(Beginning of RECORDS SUPPLIED)
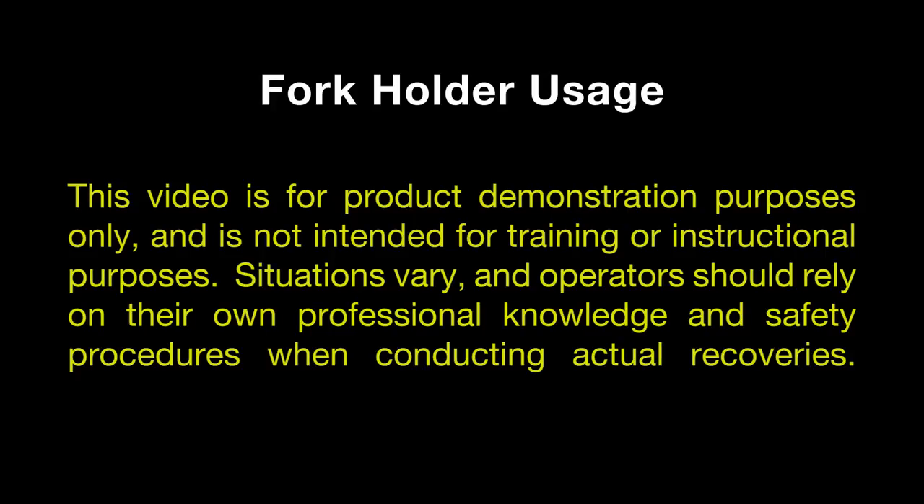This video is for product demonstration purposes only and is not intended for training or instructional purposes. Situations vary and operators should rely on their own professional knowledge and safety procedures when conducting actual recoveries.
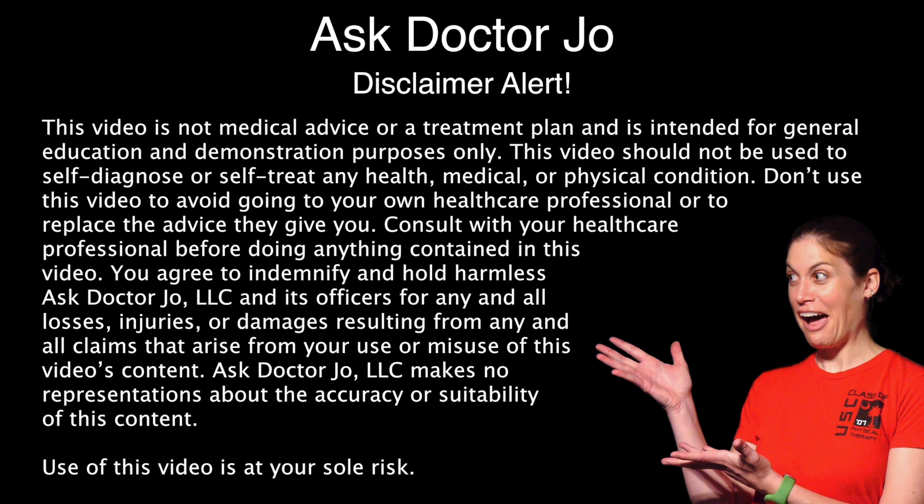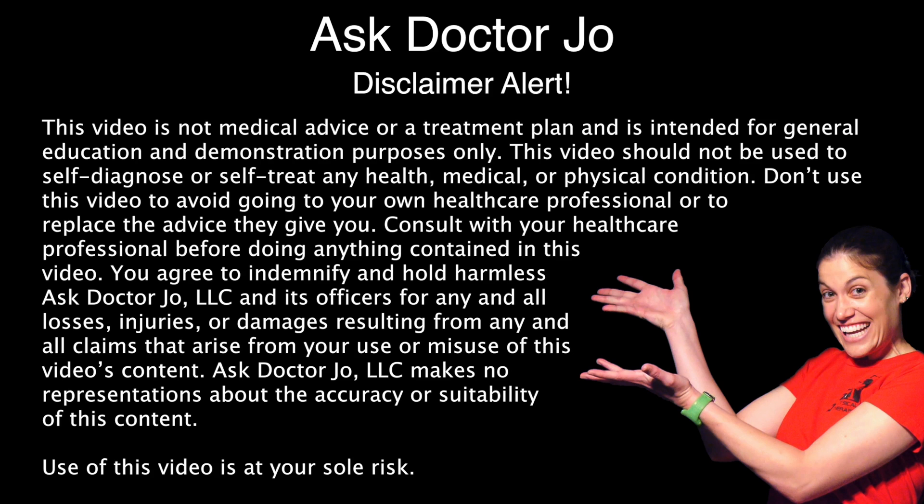Disclaimer alert: for the Speed's test, you're checking for biceps tendonitis up here in that bicipital groove. Just remember these special tests can be false positive or false negative, so just because it's positive doesn't necessarily mean that's what it is. This test could also cause pain if there's a rotator cuff tear or impingement, so don't take it completely at face value.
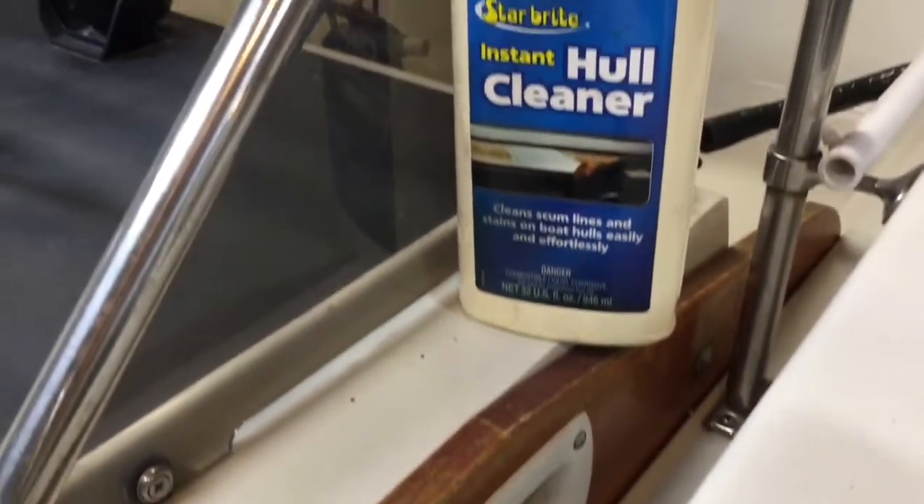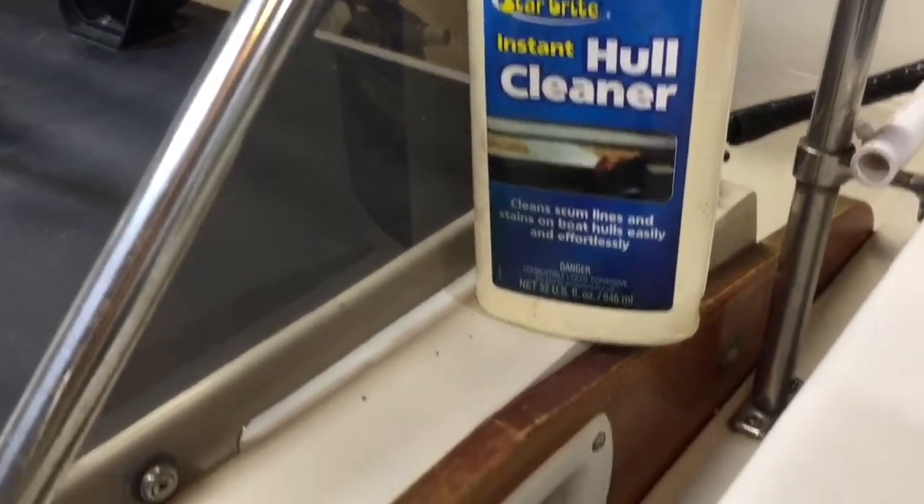This is the mildew on the rub rail track of a 1987 Boston Whaler Striper that I've been trying to clean with a hull cleaner and The Works cleaner, and none of it works, so I'm going to do something different today.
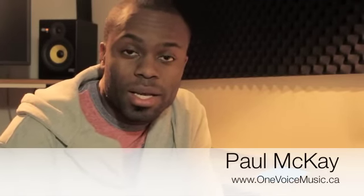Hello, my name is Paul McKay of One Voice Music Academy. Tune Your Mind.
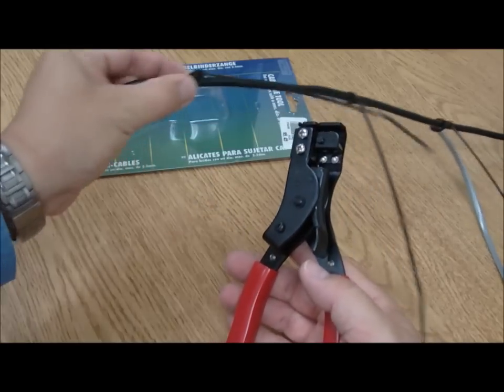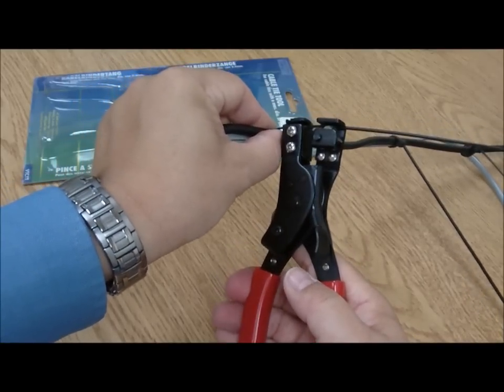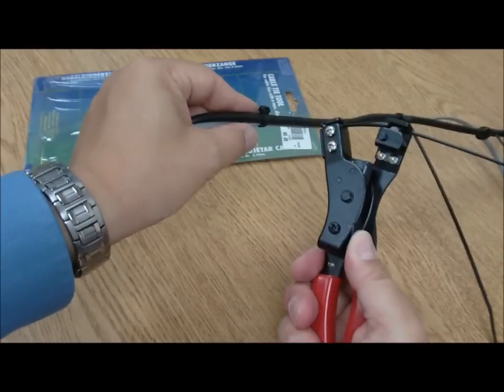With this little tool, all you have to do is lay in the cabling inside the slots at the top. By pinching it tight, it automatically pulls it shut and you go ahead and cut it off at the tip.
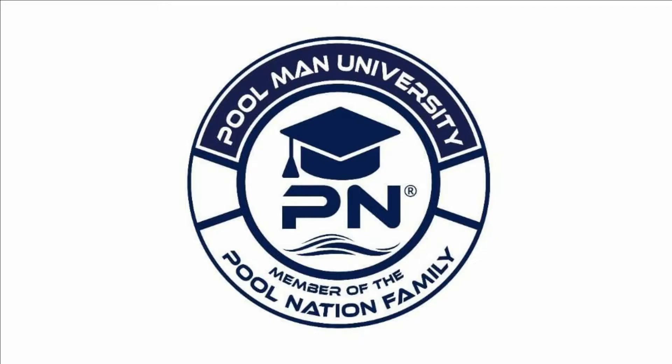Hey guys, welcome to the Pool Man University videos, a member of the Pool Nation family. Today we are talking to Bob Lowry, the founder of PCTI.online. Bob has also written 21 books on water chemistry, so those of you that know Bob, you know he's a legend. For those of you that are new, he's the number one source for education in water chemistry. We want to thank him for joining us and always taking questions from the pool guys and pool girls out there. So welcome, Bob.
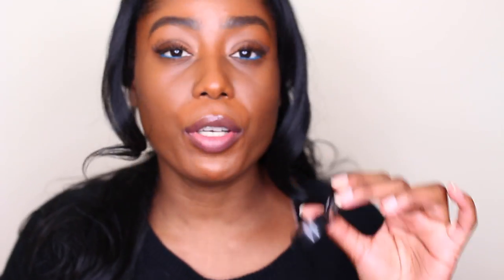We are going to use this concealer from MAC. This is the NW45 Studio Finish Concealer and I'm going to use my brush from Urban Decay. I'm just going to scoop some off. This is one of my favorite concealers. I usually use it for my eyebrows but today I want to try it under my eyes.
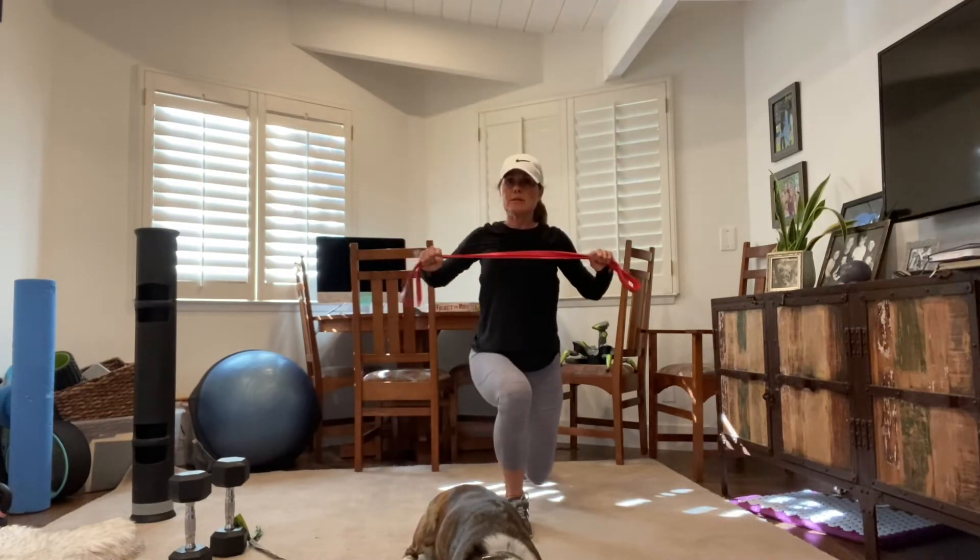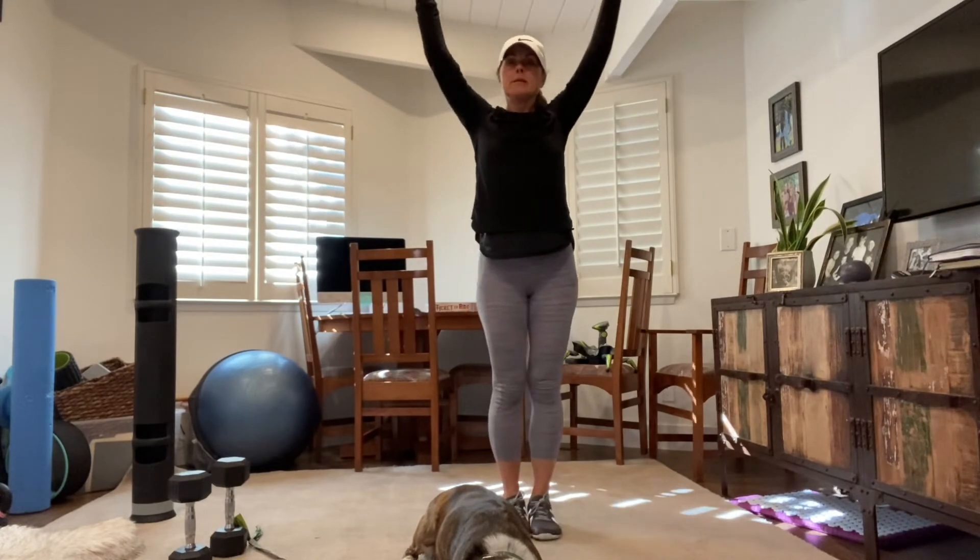Alternate here. Step back with your left, squeeze, step back.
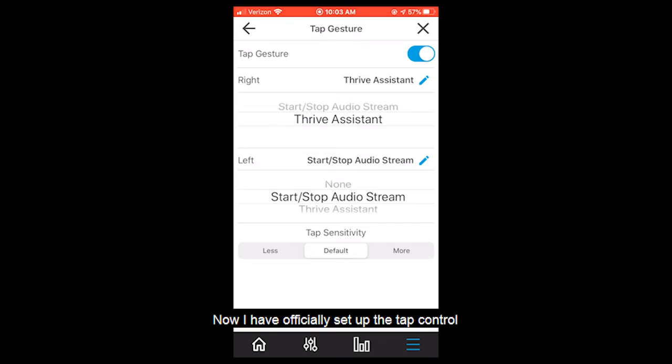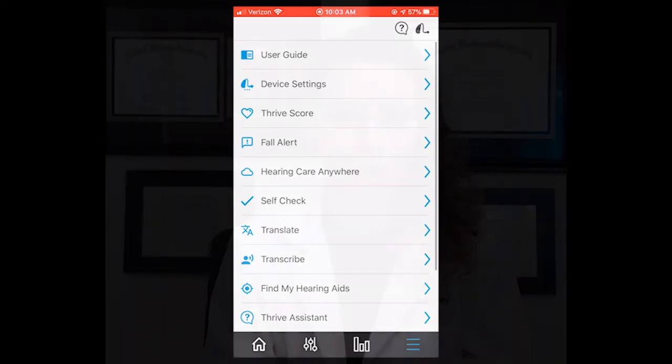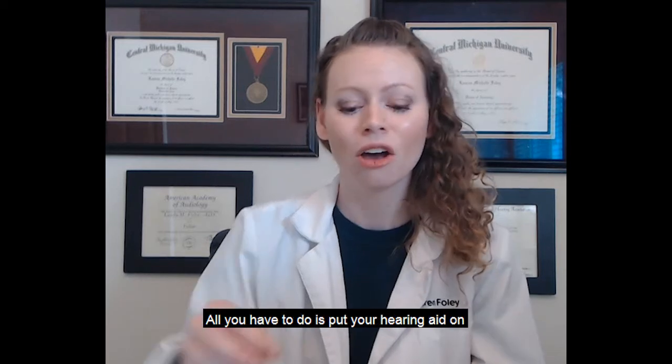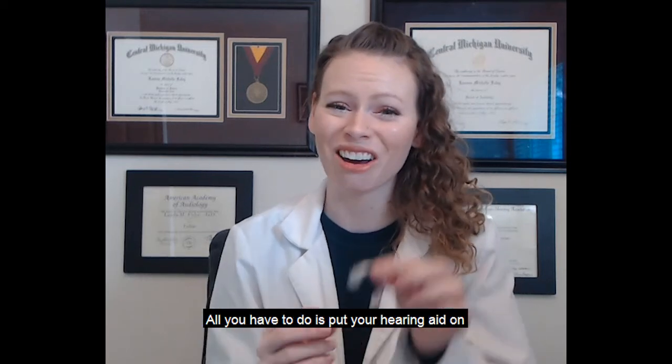Now I've officially set up the tap control for my artificial intelligence hearing aids and I can hit the X in the upper right hand corner to close out. Once you've specified how you want the double tap to be utilized, all you have to do is put your hearing aid on.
(End of RECORDS SUPPLIED)
## WORK TASK
Find the line containing "Alternate here. Step" in the listing above. Restate it and every line after it, word for word, through the final line, leaving out the pictures.

## ANSWER SPACE
Alternate here. Step back with your left, squeeze, step back.
Now I've officially set up the tap control for my artificial intelligence hearing aids and I can hit the X in the upper right hand corner to close out. Once you've specified how you want the double tap to be utilized, all you have to do is put your hearing aid on.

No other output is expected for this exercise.